→ DATASET CONTENT

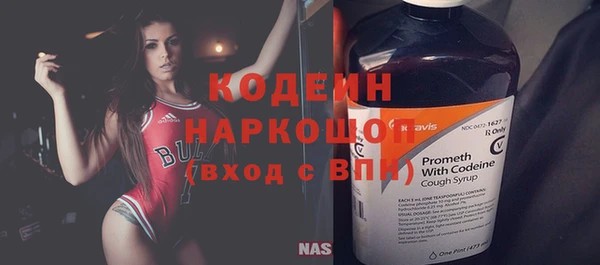 гашик Кодинск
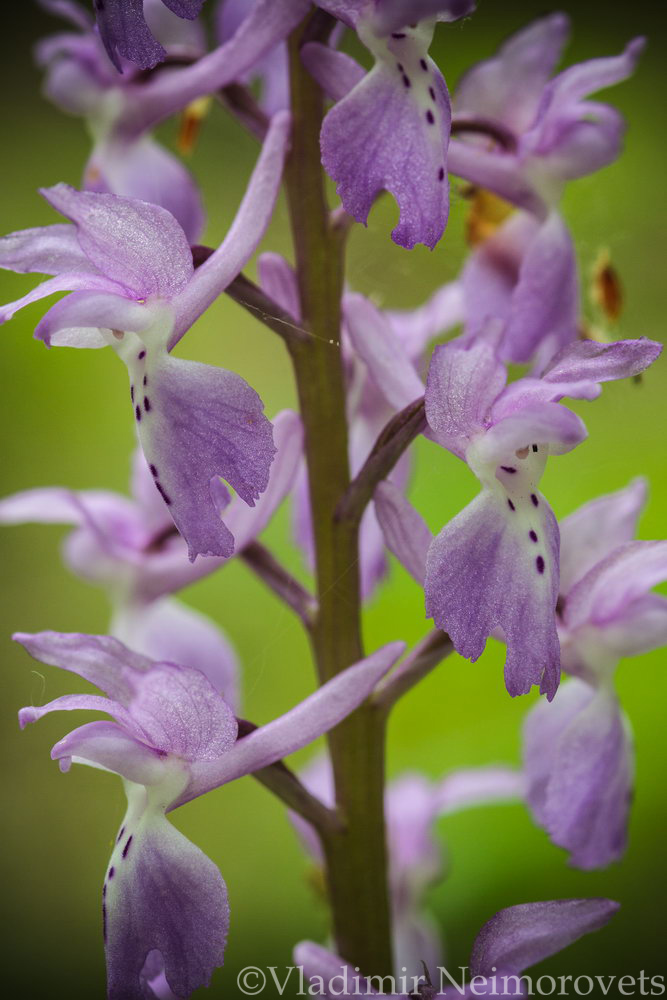 Orchis mascula_IMG_6165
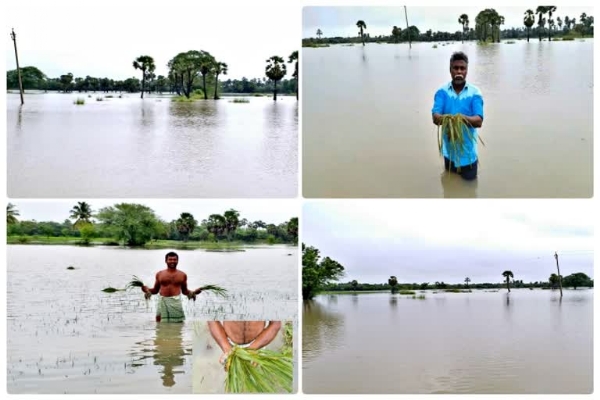 பயிர்கள் சேதம் பயிர்கள் சேதம்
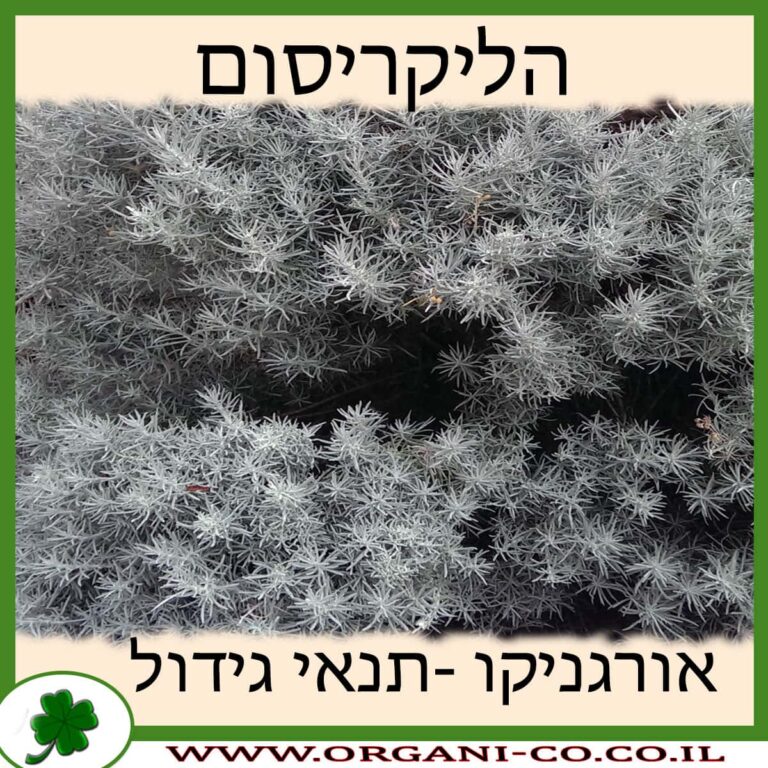 הליקריסום הליקריסום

→ EXERCISE GOAL
Give every line above again exactly, with no pictures.

→ TASK OUTPUT
 гашик Кодинск
 Orchis mascula_IMG_6165
 பயிர்கள் சேதம் பயிர்கள் சேதம்
 הליקריסום הליקריסום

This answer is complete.